At U.C. Berkeley, where she earned a master’s degree, she formed the Citizens for Farm Labor support group. By 1963, she became Cesar Chavez’s “eager student” while driving him from place to place as he organized the union. She would end up at Cesar’s house on Kensington Street in Delano, sitting at a red Formica kitchen table while Helen prepared tortillas and spending time with Dolores Huerta, Fred Ross and Cesar’s brother, Richard Chavez. “There was an energy there that I hadn’t ever seen in the workplace,” she recalled. “But then this wasn’t work; it was life.”

Cesar invited Wendy to spend the night at his home the day before his mostly Latino union joined the strike already begun by Filipino grape pickers in September 1965. She found herself early the next morning “on an amazingly long picket line in the cold valley fog” along a rural country road east of Delano. “Suddenly, I was part of that group of freedom fighters.” That morning, Wendy quit her state job and went to work with the striking grape workers for $5 per week, becoming one of the first full-time UFW staff members.

In the coming months, she wrote and issued news releases, spoke with reporters, was assigned by Cesar to head up an all-female picket line, picketed the houses of farm labor contractors who recruited scabs (strikebreakers), and found herself in a war zone—the increasingly bitter battleground of Delano at the dawn of the epic five-year long vineyard walkouts.
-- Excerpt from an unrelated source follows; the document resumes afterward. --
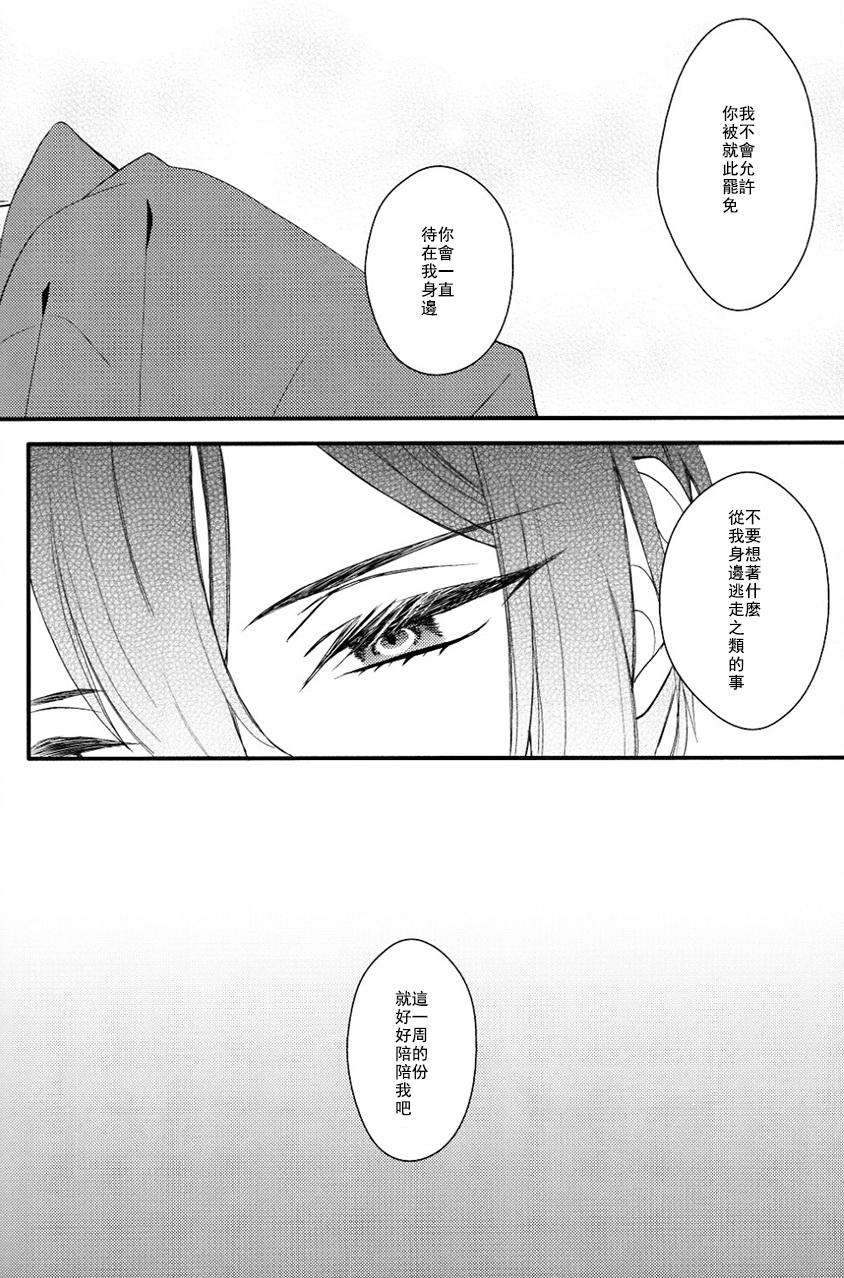 (Odoroki Tenkaku Inochi) [High-SPEC (China)] Touken Otoko-shi ga Shota-ka Suru Nante Kii Tenai!! (Touken Ranbu) [Chinese] page 29 full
Wendy joined Cesar and Helen Chavez at spartan Sunday masses held in Delano parks with “a lovely banner of the Virgin of Guadalupe adorn[ing] the altar” and “where we would sing the haunting song ‘De Colores.’”

As the strike dragged into the fall months, “it got colder and colder in the early morning.” In the “bitter cold and foggy darkness” they would “jump up and down to stay warm and hollered to energize our freezing bodies.”
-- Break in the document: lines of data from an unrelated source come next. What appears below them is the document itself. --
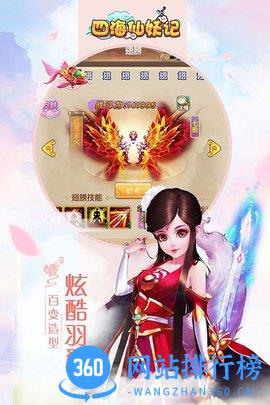 四海仙妖记手游bt版下载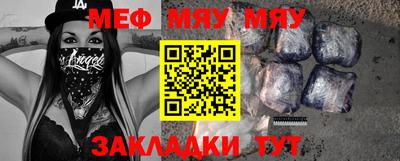 индика Можайск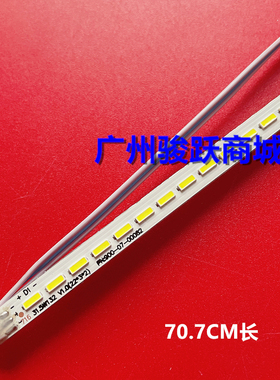 剑齿虎SANC M3293A M3293B Q993灯条FD3290G+灯条器31.5W132 V1.0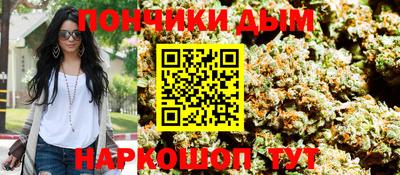 mdpv Кумертау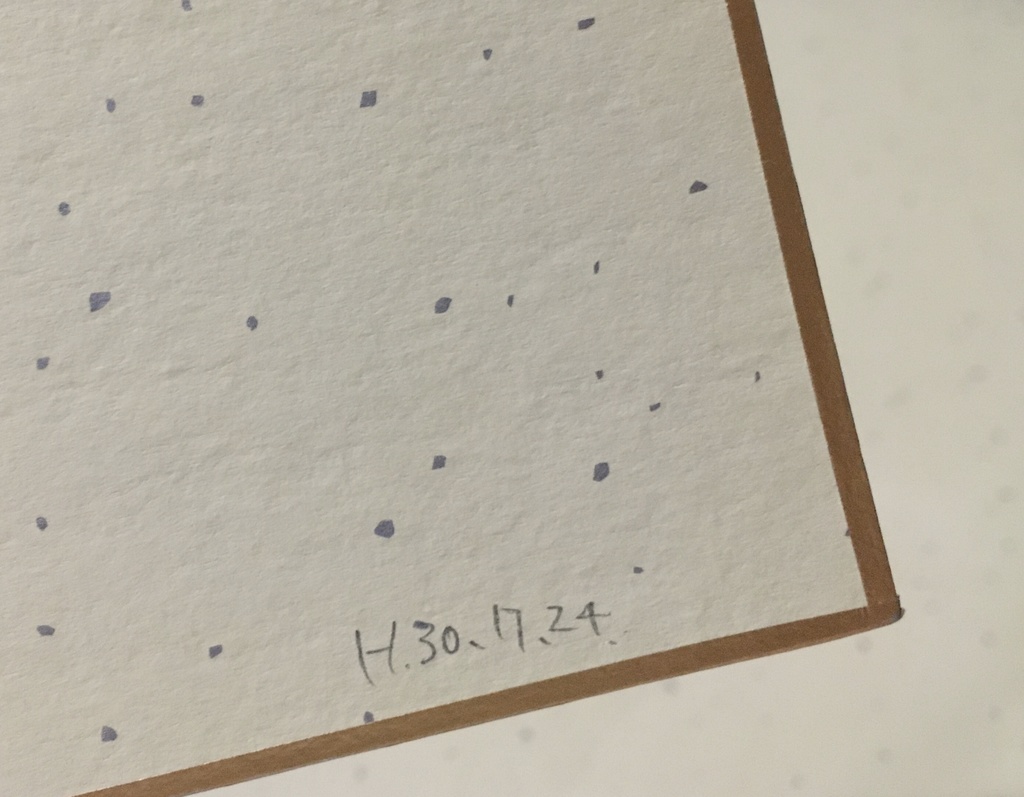 古明地姉妹 色紙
Forty-four picketers were arrested and jailed for saying the word “Huelga!”—including 11 women with a total of 76 children. “Cesar blithely asked me to take care of the 76 children while their moms were in jail,” Wendy noted.

She left the strike for Washington, D.C. in 1966 to develop rural health programs under Sargent Schriver, head of the War on Poverty. That fall, Cesar called her. Volunteer doctors and nurses came to Delano to care for strikers and their families, but he needed a clinic and asked Wendy to help raise the money.

Working with New York Senator Robert F. Kennedy and his legislative assistant, Peter Edelman, Wendy organized a fundraiser in 1967 at a swank Marin County home overlooking San Francisco Bay. She and Edelman drove Senator Kennedy and Cesar to the successful event, where Kennedy introduced her to Dr. David Brooks, who she later married.

Wendy and David Brooks began a clinic for farm workers in Woodville, Calif. Moving to Telluride, Colorado, she founded and directed the Telluride Academy, offering outdoor education for hundreds of children a year, many on scholarships. She retired in 2007.

Wendy Goepel Brooks is survived by brothers Steven and Bruce Goepel; sons Demian and Dylan Brooks, and grandchildren Julien Philip, Amelia, Theo, Elin, and Erik. She was preceded in death by her son Darius, sister Carol (Cookie) Graff, and her parents, Walter and Louise Goepel. A celebration of life is set for 4 p.m. on June 15, at the Michael D. Palm Theater, 721 W. Colorado Ave., Telluride, Colorado 81435.

From left in the back row of this photo from the 1965 grape strike are Wendy Goepel, Luis Valdez, Cesar Chavez, a grape striker, and Donna Haber. Emilio Huerta, Dolores Huerta’s son, is in the right front.
Wendy Goepel Brooks addressed the 50th anniversary commemoration of the 1965-1970 Delano grape strike in 2015, representing all of the union’s staff members from that era.